Joseph M Sanchez is an American artist from Trinidad, Colorado, by way of the White Mountain Apache Reservation and Taos Pueblo. A leader in Indigenous and Chicano arts since the 1970s, Joseph has worked with hundreds of artists creating work, developing exhibitions, and advocating for the rights of minority artists, most importantly with the Professional Native Indian Artists (Indian Group of Seven). A spiritual surrealist, Joseph's work is sensual and dreamlike, provocative and thought-inducing. Still producing work, and exhibiting across the United States and Canada, Joseph M Sanchez is simultaneously a community elder, and an instigator at the front lines of the battle for the creation of art and how we define it as a culture.

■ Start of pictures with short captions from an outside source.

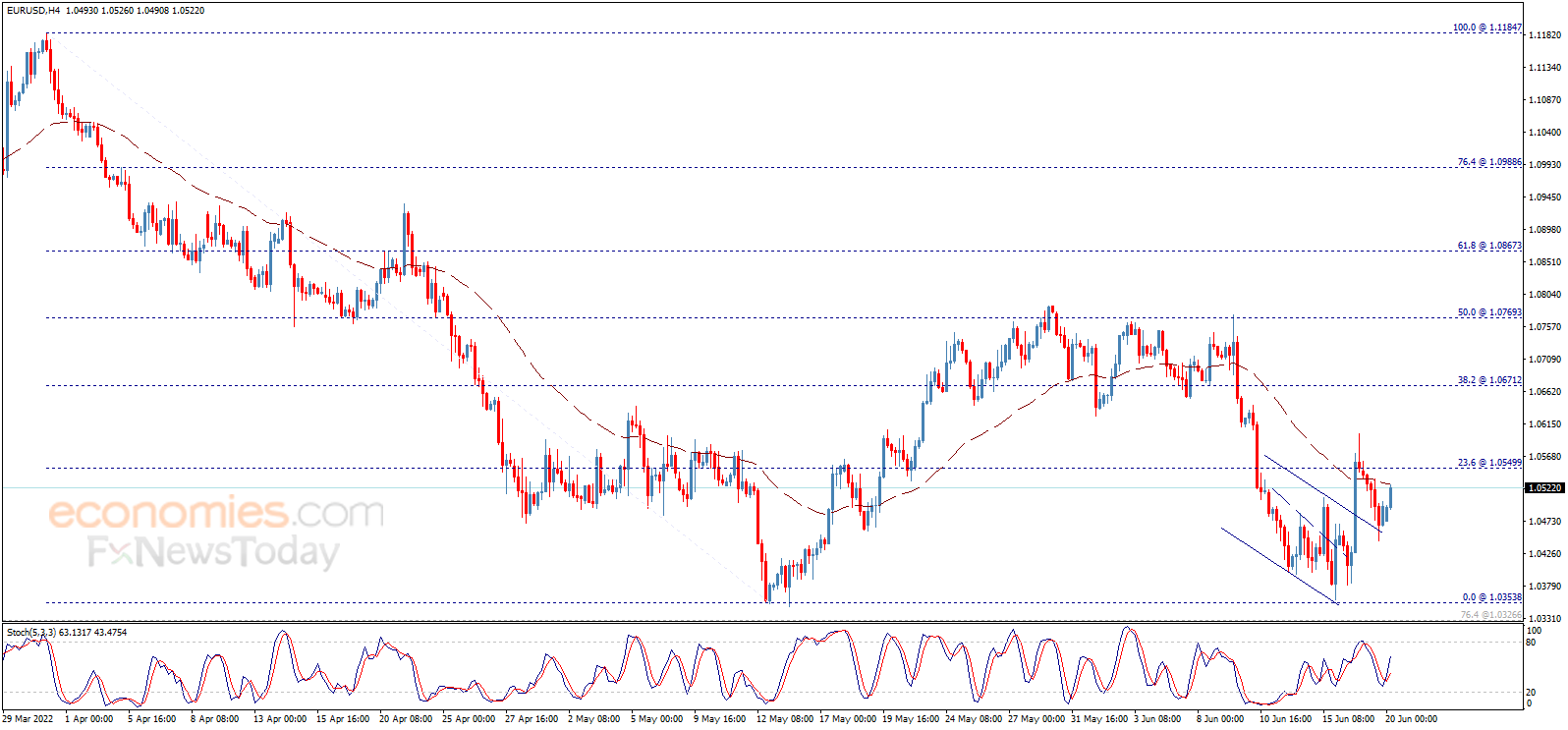 财经日历-华信金业MT4交易平台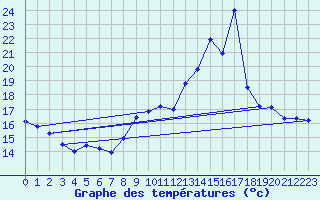 Courbe de tempratures pour Cap Cpet (83)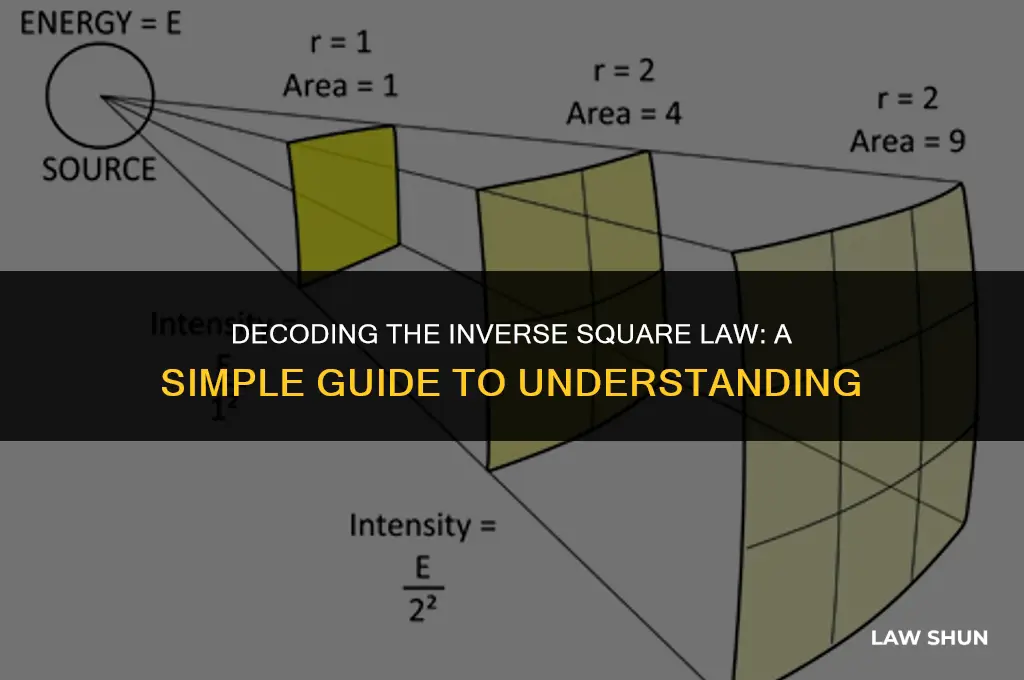 what is the inverse square law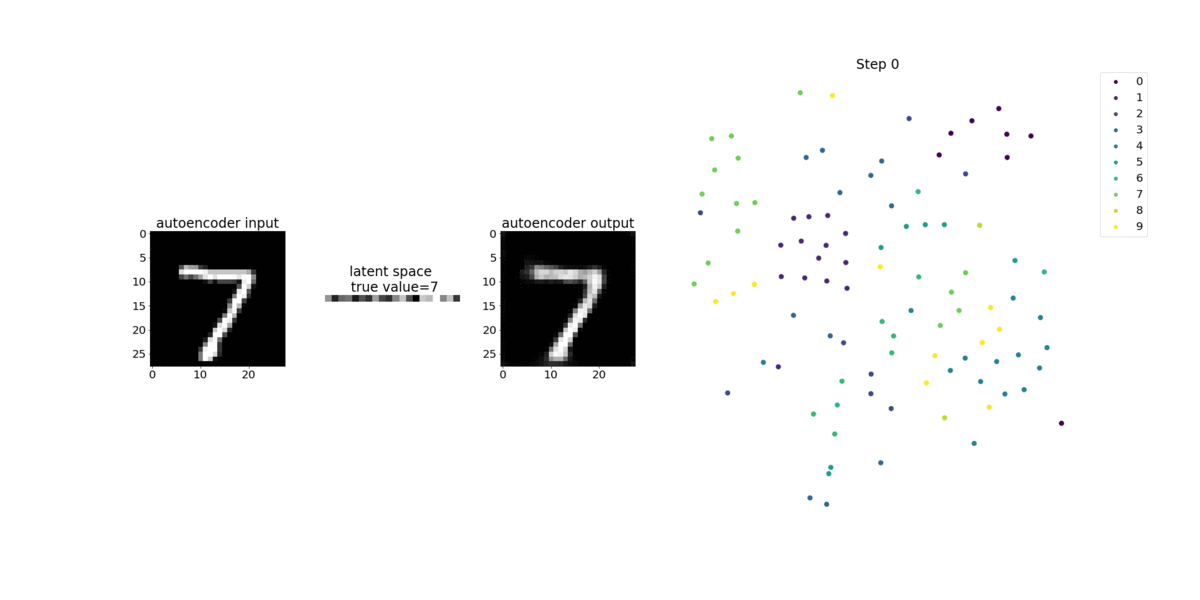 A conceptual image of convolutional autoencoder.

Born in Trinidad, Colorado to Pueblo, Spanish, and German parents, Joseph Marcus Sanchez was raised in Whiteriver, Arizona on the White Mountain Apache Reservation. In 1966 he graduated from Alchesay High School in Whiteriver, with the intent to join the priesthood. This was not the right fit, and he returned home to the White Mountains. Sadly, his mother became ill and died unexpectedly. Soon after, in 1968 he joined the United States Marine Corps and was stationed in San Diego, California, where he trained soldiers drafted for the Vietnam War.